# WORK TASK
Would you transcribe the records below from the line with "A fly fisheman" to the line with "A man in a suit", ends included, exactly and with nothing more, leaving the pictures out?

# PROVIDED DATA

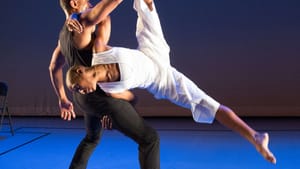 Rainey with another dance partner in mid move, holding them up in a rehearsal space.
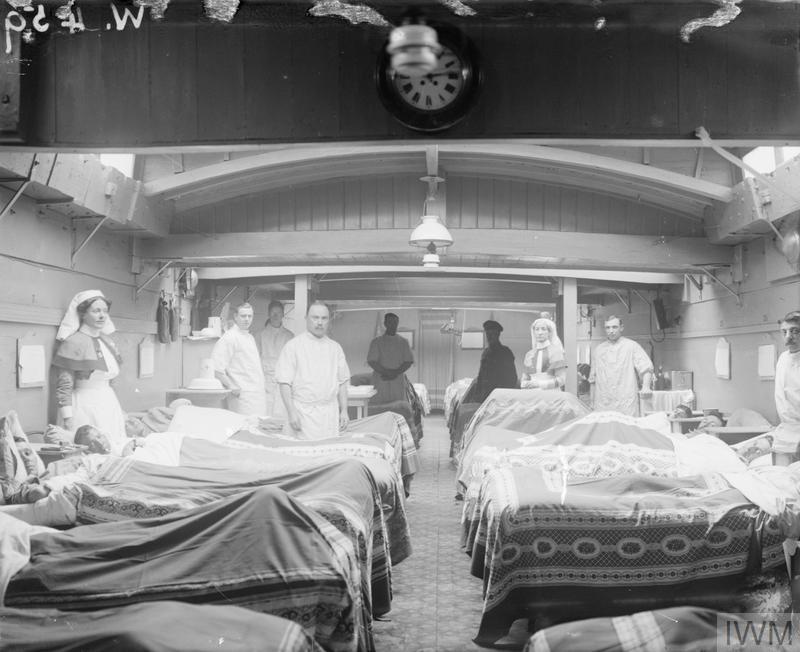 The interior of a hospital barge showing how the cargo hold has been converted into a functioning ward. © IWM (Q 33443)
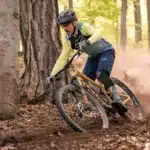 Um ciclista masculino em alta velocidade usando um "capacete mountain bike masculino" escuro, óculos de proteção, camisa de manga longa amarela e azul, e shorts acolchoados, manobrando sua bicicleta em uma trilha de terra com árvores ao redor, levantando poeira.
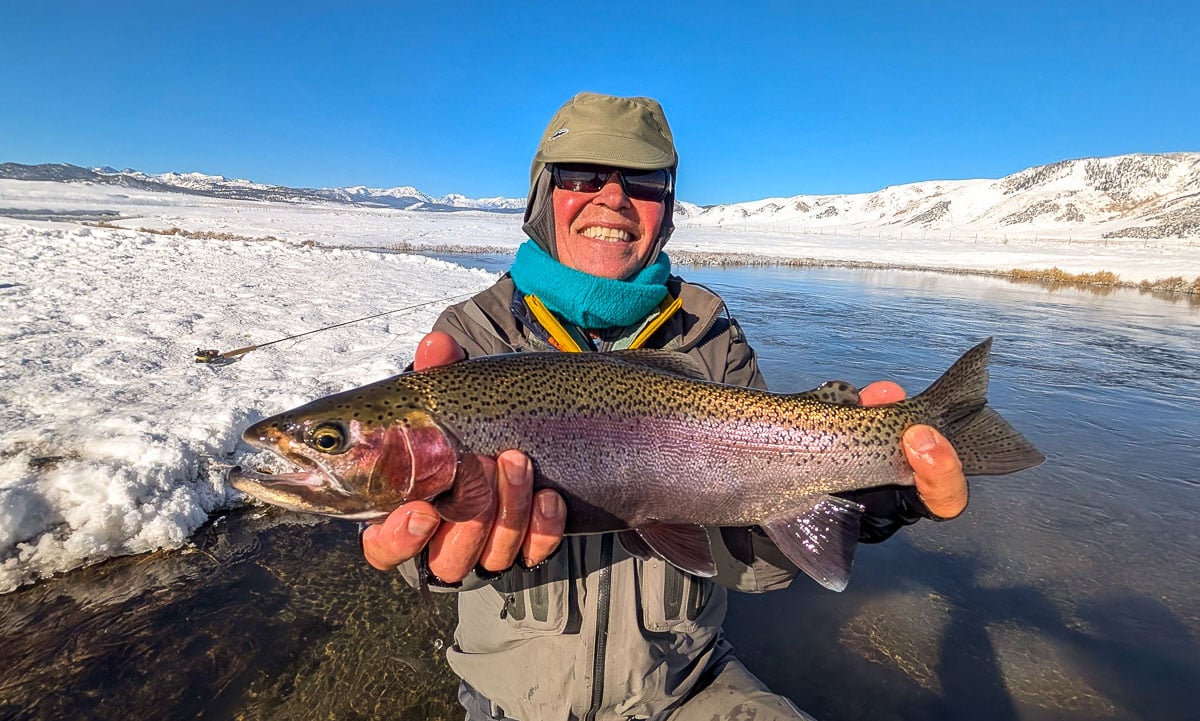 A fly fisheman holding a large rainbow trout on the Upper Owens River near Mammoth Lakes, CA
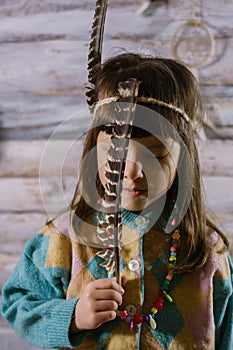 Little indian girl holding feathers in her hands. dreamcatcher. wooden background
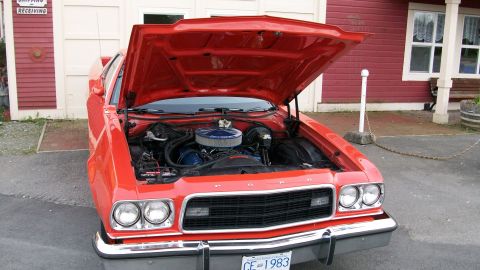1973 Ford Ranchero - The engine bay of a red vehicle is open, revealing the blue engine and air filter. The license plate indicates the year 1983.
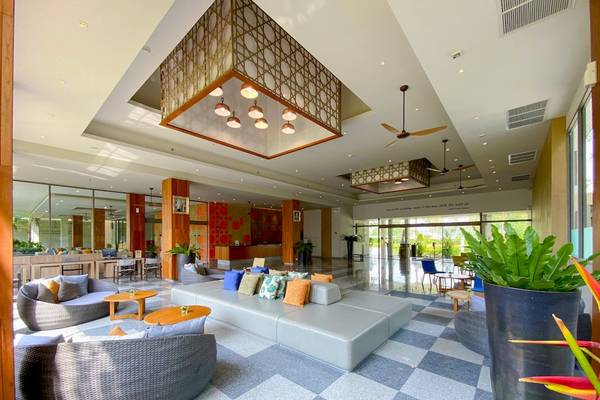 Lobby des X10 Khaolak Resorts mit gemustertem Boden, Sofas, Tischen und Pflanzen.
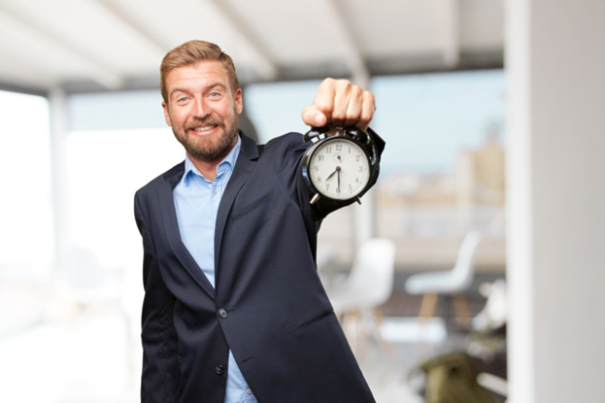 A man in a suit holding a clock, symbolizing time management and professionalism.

...

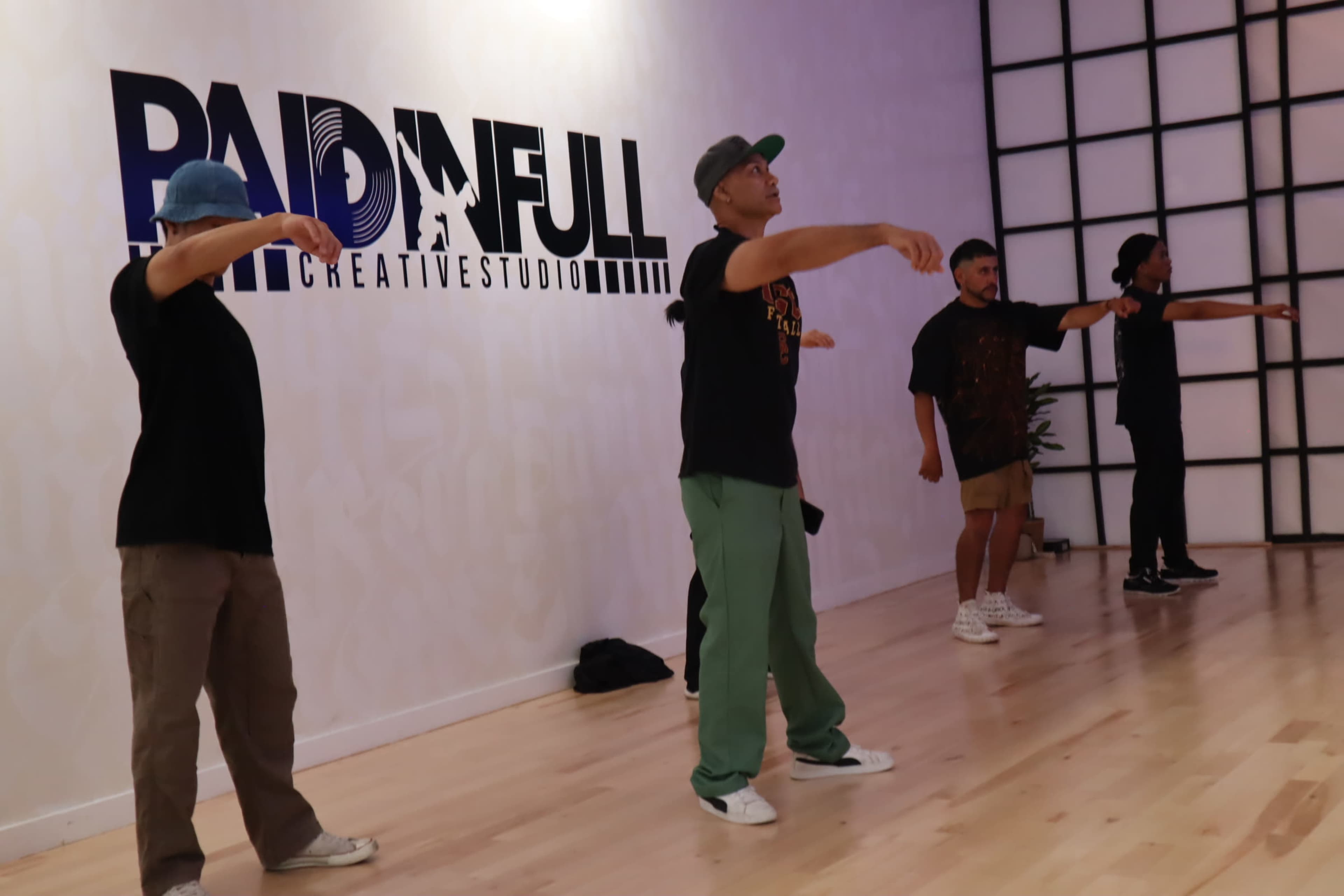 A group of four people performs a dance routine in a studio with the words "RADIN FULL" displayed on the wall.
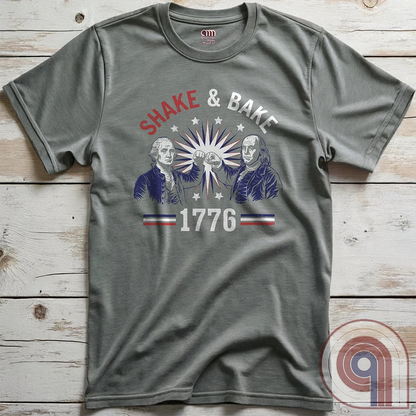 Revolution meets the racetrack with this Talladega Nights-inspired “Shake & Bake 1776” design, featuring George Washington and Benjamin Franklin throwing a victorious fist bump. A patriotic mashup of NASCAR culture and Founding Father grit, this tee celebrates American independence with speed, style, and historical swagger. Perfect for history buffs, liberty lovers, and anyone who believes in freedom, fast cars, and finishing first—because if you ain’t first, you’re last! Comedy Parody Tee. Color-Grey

# OUTPUT
 A fly fisheman holding a large rainbow trout on the Upper Owens River near Mammoth Lakes, CA
 Little indian girl holding feathers in her hands. dreamcatcher. wooden background
1973 Ford Ranchero - The engine bay of a red vehicle is open, revealing the blue engine and air filter. The license plate indicates the year 1983.
 Lobby des X10 Khaolak Resorts mit gemustertem Boden, Sofas, Tischen und Pflanzen.
 A man in a suit holding a clock, symbolizing time management and professionalism.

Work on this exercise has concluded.